The object comparison must be made by the name property.
Example:
var arrays = [
[
{
name: 'aa',
value: 1
},
{
name: 'ab',
value: 2
},
{
name: 'ac',
value: 3
},
{
name: 'aa',
value: 1
}
],
[
{
name: 'aa',
value: 1
},
{
name: 'ab',
value: 2
},
],
[
{
name: 'ac',
value: 3
},
{
name: 'aa',
value: 1
}
]
]
After execution the object from the above array should have these properties:
[
[
{
name: 'aa',
value: 1,
occurrences: 3,
where: [0, 1, 2]
},
{
name: 'ab',
value: 2,
occurrences: 2,
where: [0, 1]
},
{
name: 'ac',
value: 3,
occurrences: 2,
where: [0, 2]
},
{
name: 'aa',
value: 1,
occurrences: 3,
where: [0, 1, 2]
}
],
[
{
name: 'aa',
value: 1,
occurrences: 3,
where: [0, 1, 2]
},
{
name: 'ab',
value: 2,
occurrences: 2,
where: [0, 1]
}
],
[
{
name: 'ac',
value: 3,
occurrences: 2,
where: [0, 2]
},
{
name: 'aa',
value: 1,
occurrences: 3,
where: [0, 1, 2]
}
]
]
Basically I want to check if the object with a specific name property exists in the other arrays.

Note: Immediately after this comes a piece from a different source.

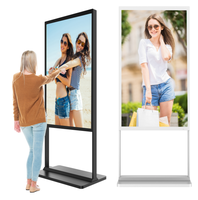Kiosque numérique sur pied Android/Windows avec télécommande CMS gratuite, nouveau design 2025, 43'', 50'', 55'', 65'' - Fabrication chinoise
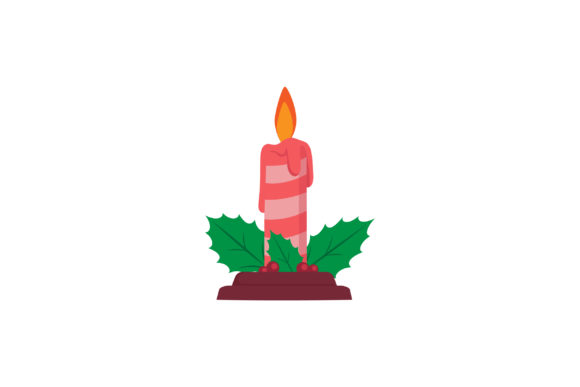 Download Christmas Day Decoration with Cnadle - Christmas Collection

This is the solution that comes in my mind:
1. Loop through the array that has the most objects
2. Loop through each object
3. Loop through the other arrays and apply Array.prototype.find()

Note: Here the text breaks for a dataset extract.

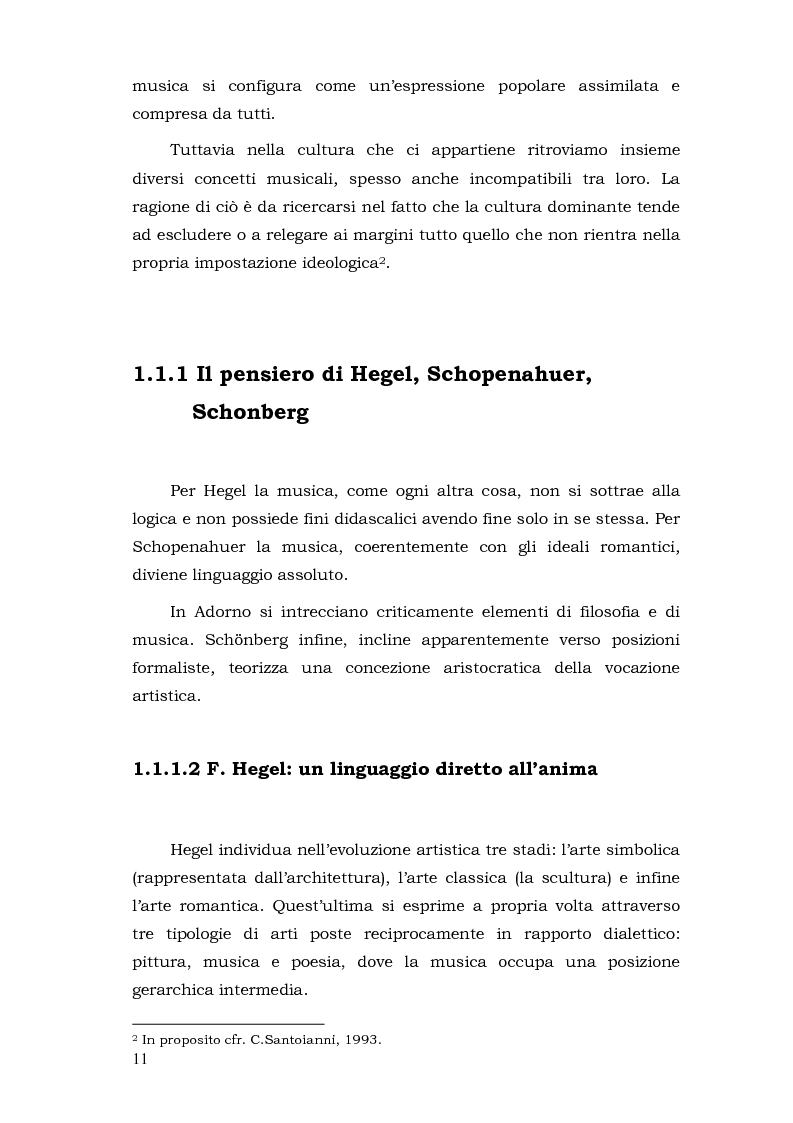 Anteprima della tesi: Nella giungla del jingle. L’uso della musica negli spot pubblicitari, Pagina 6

But this will take a lot of time since each of my array will have at least 500 objects...
You can use array#reduce to get the number of occurrences and the index of occurrences in an object.
Then, you can modify your object in the arrays by simply using Object.assign() and adding the where and occurrences property.
var arrays = [ [ { name: 'aa', value: 1 }, { name: 'ab', value: 2 }, { name: 'ac', value: 3 }, { name: 'aa', value: 1 } ], [ { name: 'aa', value: 1 }, { name: 'ab', value: 2 }, ], [ { name: 'ac', value: 3 }, { name: 'aa', value: 1 } ] ];
var result = arrays.reduce((res, arr, index) => {
arr.forEach(({name,value}) => {
res[name] = res[name] || {occurrences: 0};
res[name]['where'] = res[name]['where'] || [];
if(!res[name]['where'].includes(index)){
res[name]['where'].push(index);
res[name].occurrences += 1;
}
});
return res;
},{});
arrays.forEach(arr => arr.forEach(obj => Object.assign(obj, result[obj.name])));
console.log(arrays);
This looked like trivial reduce, until i noticed nested arrays ) so it's more like flatten + reduce, with memory.
Code below is doing what you need, just the prop names are short (as i type them on the phone):
let f = (ai, a,v,i,m) => {
if (!a[v.id]) {
a[v.id] = {id: v.id, v: v.name, count: 1, at: [ai]};
} else {
a[v.id].count += 1;
a[v.id].at.push(ai);
}
return a;
};
let r = [[{id: 'aa', value: 42}], [{id: 'ba', value: 11}, {id: 'aa', value: 42}]]
.reduce ((a, v, i) => v.reduce (f.bind (null, i),a), {});
console.log (r);
Code still visits each element in any array only once, so complexity is O(n), and there should not be a problem running it on arrays up to a million of total elements (e.g. 1000 arrays of 1000 elements, or 200 x 5000).